In any case, Chaser merely changed the color of my pee. Or maybe that was the 14 grape Jell-O shots.

Anyway, I didn’t wake up, as the package promised, “feeling great.”

Sob’r-K was my other drug of choice.

Like the others, it comes with suspect – I mean, obviously authentic – endorsements from completely unknown – I mean, famous – scientists. People like Dr. J. Schaefer, “one of the world’s leading expert [sic] in the use of alcohol, ” and Dr. Lin, “a leading medical researcher.”

Sob’r-K suggests downing two pills before drinking, two during and two after. That was too confusing. I mixed them all into a Yuengling.

Immediately, my lager’s usually frothy head disappeared, which I took as a good sign.

Six pints later, I was reeling as usual. The next morning, the world was spinning.
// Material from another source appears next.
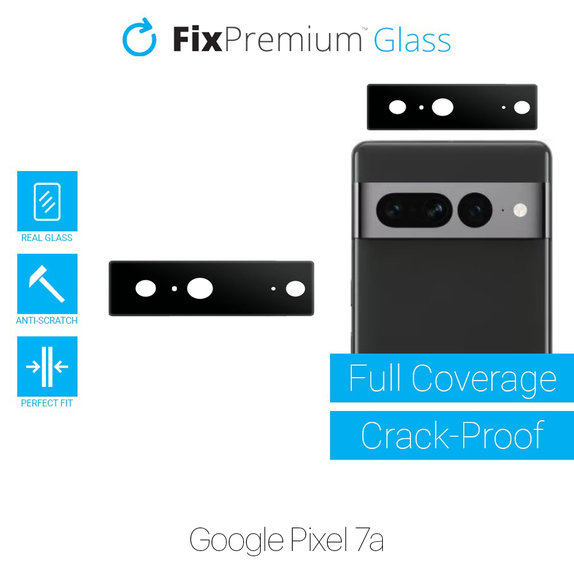 Протектор за задна камера за Google Pixel 7a, FixPremium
So, are these pills an utter fraud with no scientific merit, designed to cash in on a gullible public?

Who knows?

They’re untested by the government (unless you count the KGB) and sold as mere herbal supplements. They don’t have to meet any standards, except (I hope) that they won’t kill you.
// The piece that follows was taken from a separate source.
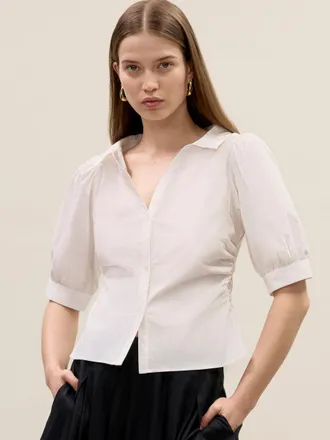 Rebecca Taylor Isla Poplin Shirt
My advice on this St. Patrick’s Day: Save your money. And on the morning after, get yourself a 24-ounce cup of Wawa coffee.

   DWI alert

This is Pennsylvania’s first St. Patrick’s Day under the 0.08 percent blood alcohol regime, so get yourself a cab.

Not sure if you’ve hit the limit?

Stephen Gilberg from HappyHours.Com offers this handy, nonscientific formula you can remember, even after a couple of rounds:

For each standard drink (one cocktail, one pint of beer or one glass of wine), count 3 points. For each hour that you’ve been drinking, count 2 points. Add up your drink points and subtract your hour points.

If the result is less than 6, you should be OK to drive.

Joe Sixpack, by Staff Writer Don Russell, was written this week with Tuppers Hop Pocket Pils.